Abstract: Constructing a good machine learning model is complicated and time-intensive. Relevant data has to be collected and cleaned, features might need to be engineered, the right machine learning algorithms have to be chosen, their hyperparameters have to be tuned, and the resulting model’s performance should be evaluated. Automated Machine Learning (AutoML) aims to automate these steps. In our workshop we will focus on the state of the art in automatic machine learning pipeline construction and neural architecture search (NAS), and provide hands-on guidance on using different methods that are used to optimize pipelines, such evolutionary optimization and Bayesian optimization.
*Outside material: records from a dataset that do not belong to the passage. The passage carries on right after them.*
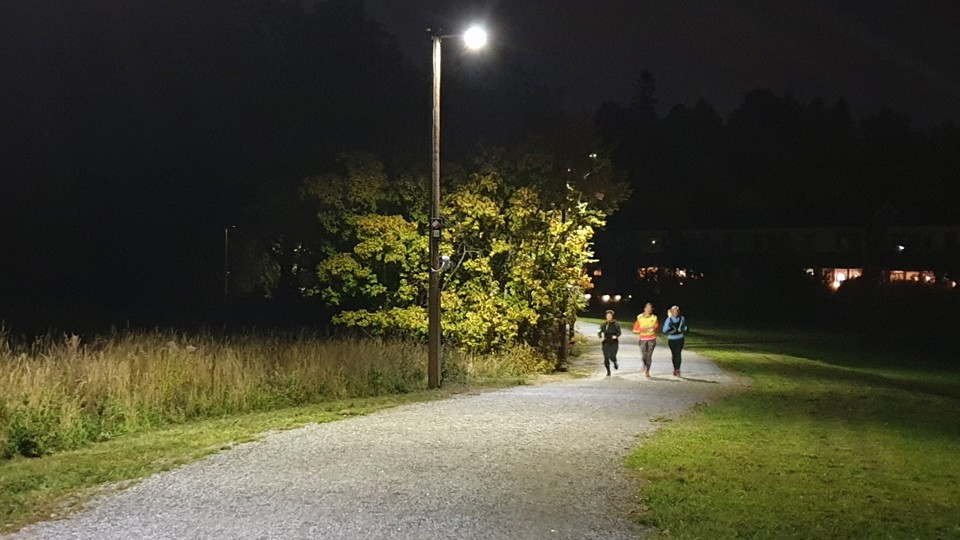 Tre personer joggar längs en gångväg i ljuset av en gatlykta. Längs med gångvägen finns grönt gräs och buskar.
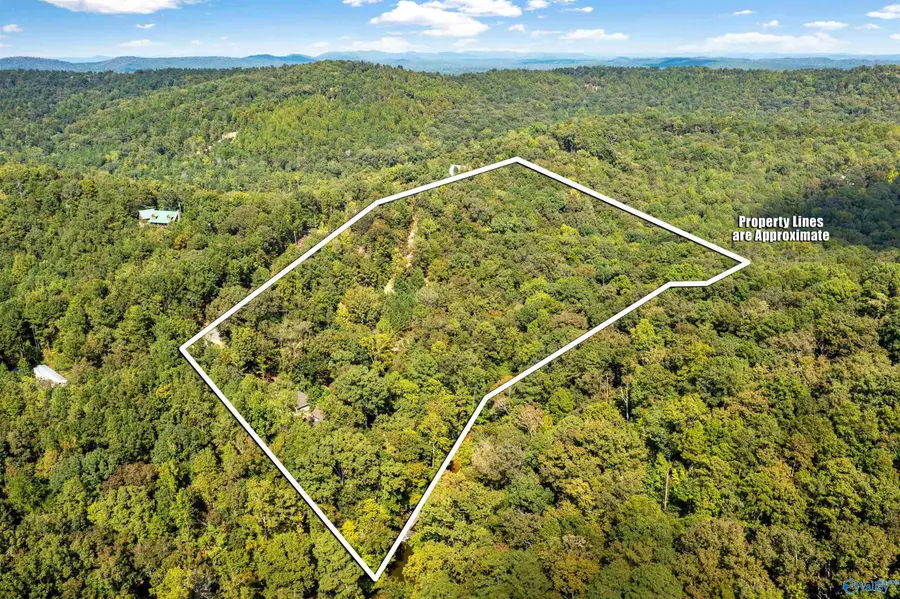 1595 Mohawk Cliff Road, Ohatchee, AL 36271 - #3
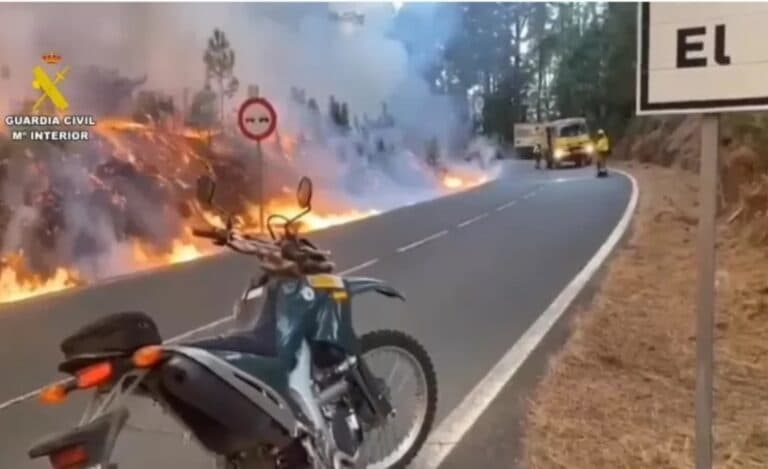El incendio de Tenerife afecta ya a 5.000 hectáreas de diez municipios de la isla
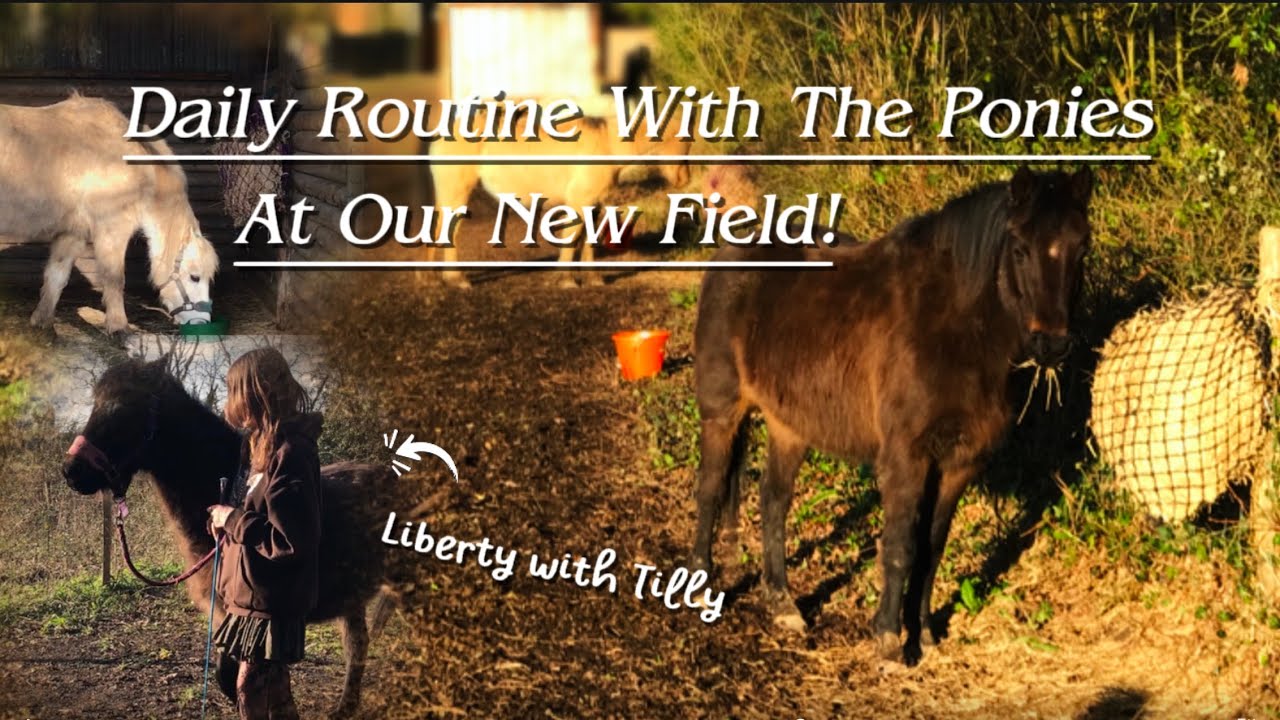 DAILY ROUTINE WITH THE PONIES AT OUR NEW FIELD! Liberty, Brushing, Feeding + More!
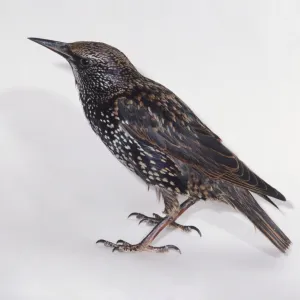 European Starling (Sturnus vulgaris), flecked bird with dark feathers, side view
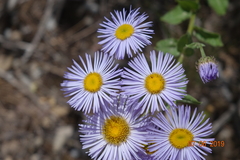 Erigeron glabellus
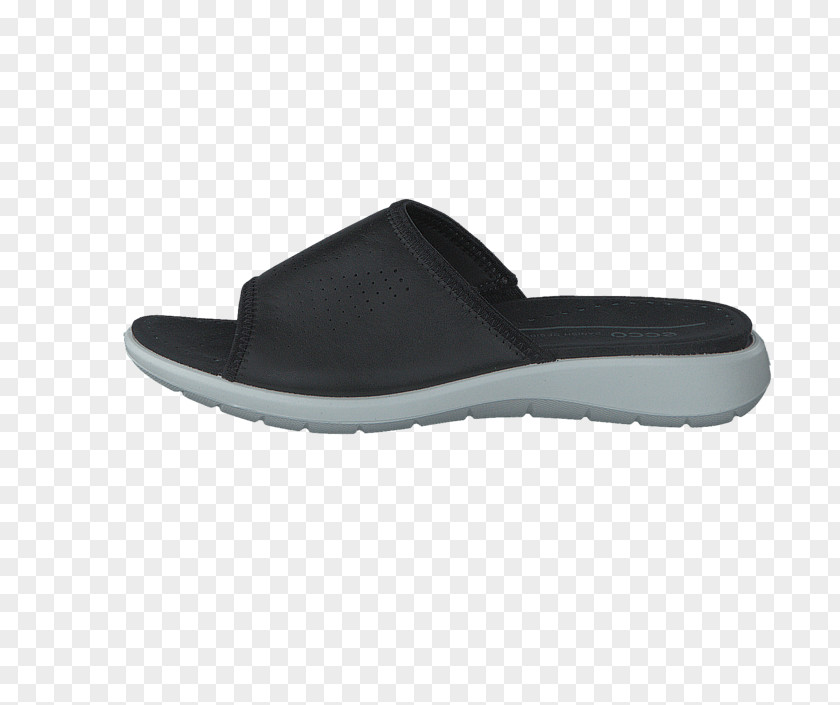 Sandal Slipper ECCO Shoe Leather PNG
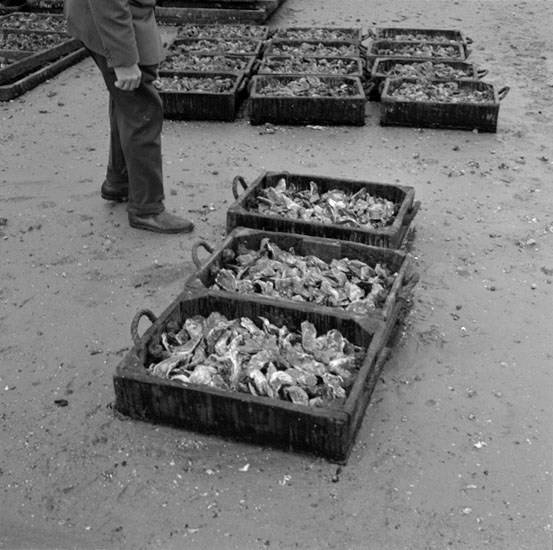 Från ostronodlingar på Atlantkusten i oktober 1959. Le Croisic, Frankrike.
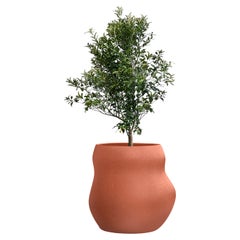 Jardinera de Terracota Pebble Midi de Indigenus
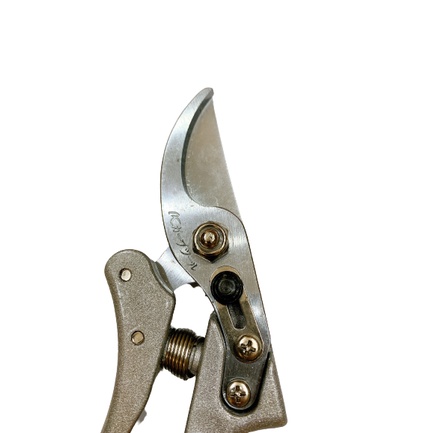 KÉO CẮT CÀNH NHẬT KAPUSI K8618 (kéo thép SK5 cực kì sắc bén)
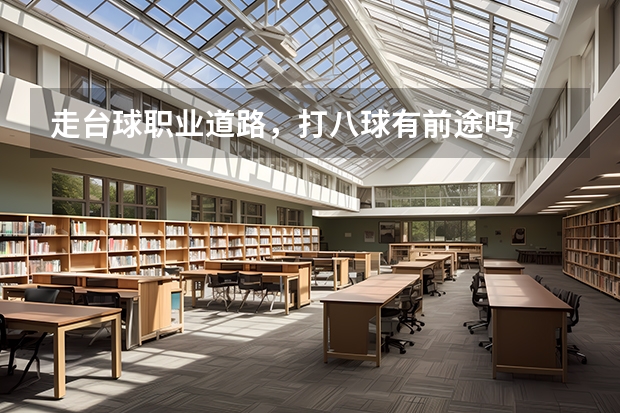 走台球职业道路,打八球有前途吗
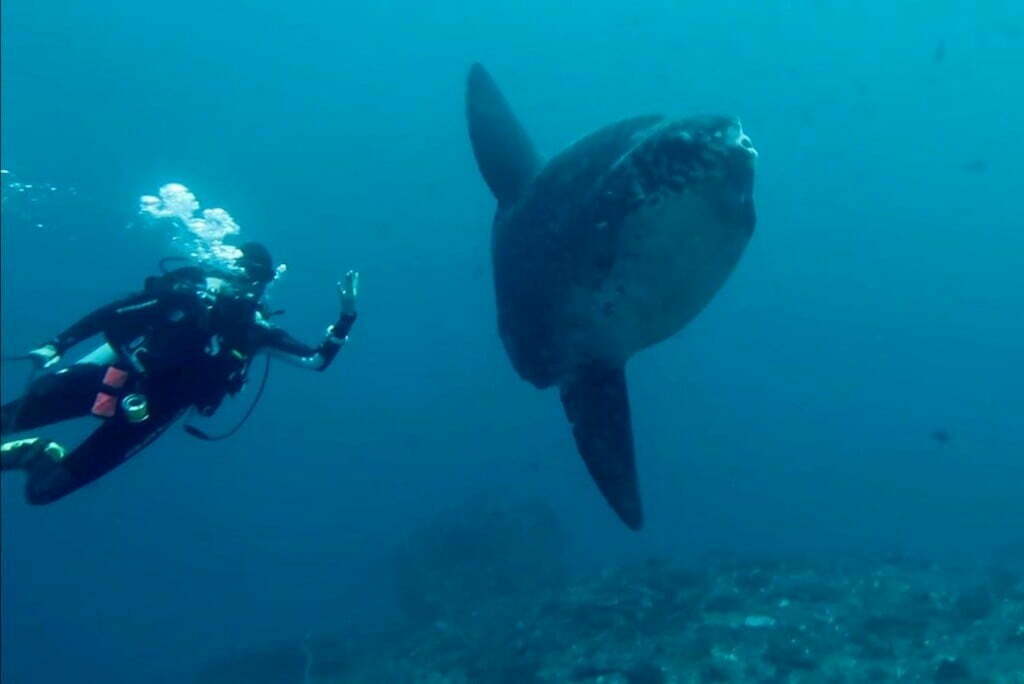 Mola Mola en plongée à Nusa Penida Bali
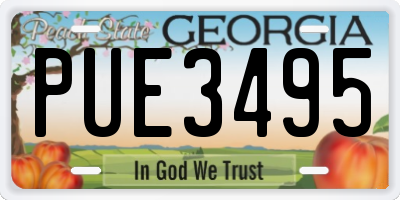GA license plate PUE3495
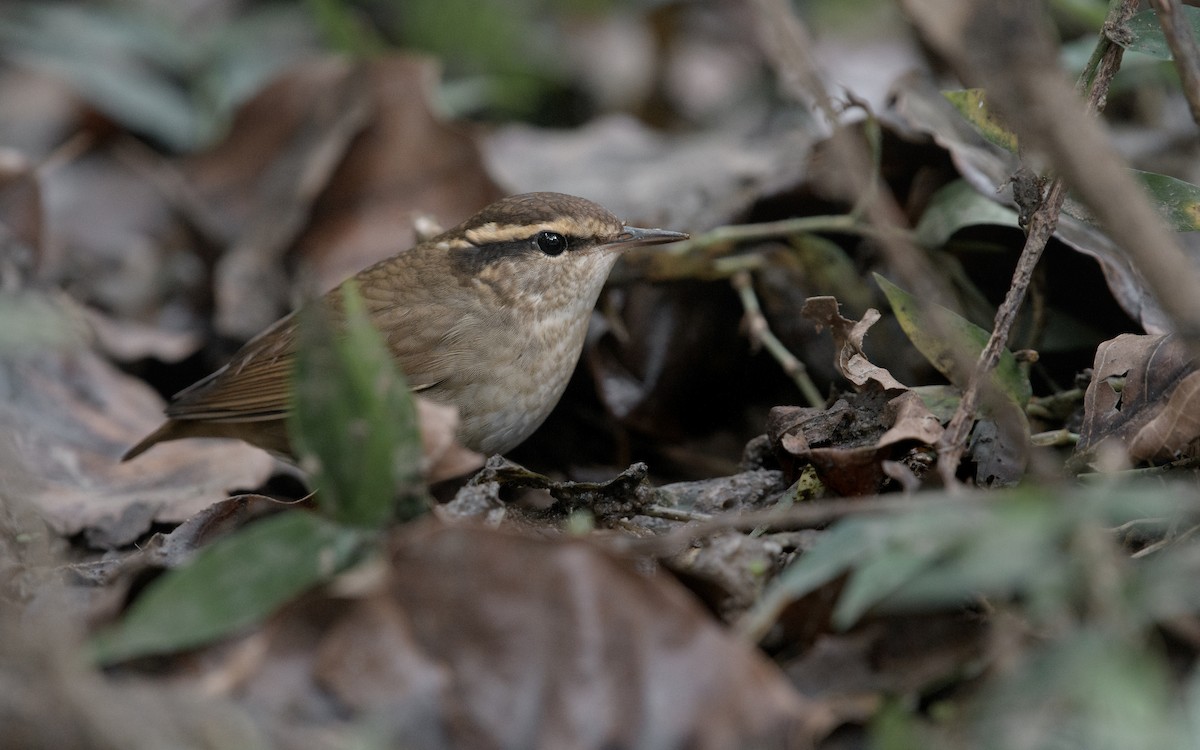 skjellkronestubbstjert - ML645924869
Much like human machine learning experts learn from experience, we also want to leverage prior knowledge to find better models, faster. This is also known as meta-learning, which we apply in an AutoML context by learning which hyperparameters are more important, or which pipeline structures or neural architectures should be explored.
Module 1: State of the art in AutoML. A mini-tutorial on today's leading AutoML approaches and a more in-depth look on key approaches and available tools.
Module 2: Learning from machine learning experiments (hands-on). We show how to use `openml-python` to download datasets and available machine learning experiment results from OpenML.org. We visualize the effect of hyperparameters without running any experiments but also show how to create and share your own experiments with OpenML.
Module 3: AutoML in Python. To help us get a better overview of the available AutoML systems, we introduce you to our AutoML Benchmark which evaluates various systems across a wide range of datasets. After this session you will be able to build a model with AutoML in Python, and know how to get insight on how the different tools work for your data.
General understanding of the most important machine learning algorithms. Good coding experience in Python.
Bio: Pieter Gijsbers is a PhD student at the Eindhoven University of Technology. His areas of interest are automated machine learning and meta-learning. He is the main author of GAMA, a research-focused open source AutoML tool. While GAMA is easy to use for end-users, it also allows researchers to try different search techniques and visualize the optimization process. He is a co-author of the Open Source AutoML Benchmark. He is also part of the team working on the openml-python package, providing an easy to use Python interface to OpenML.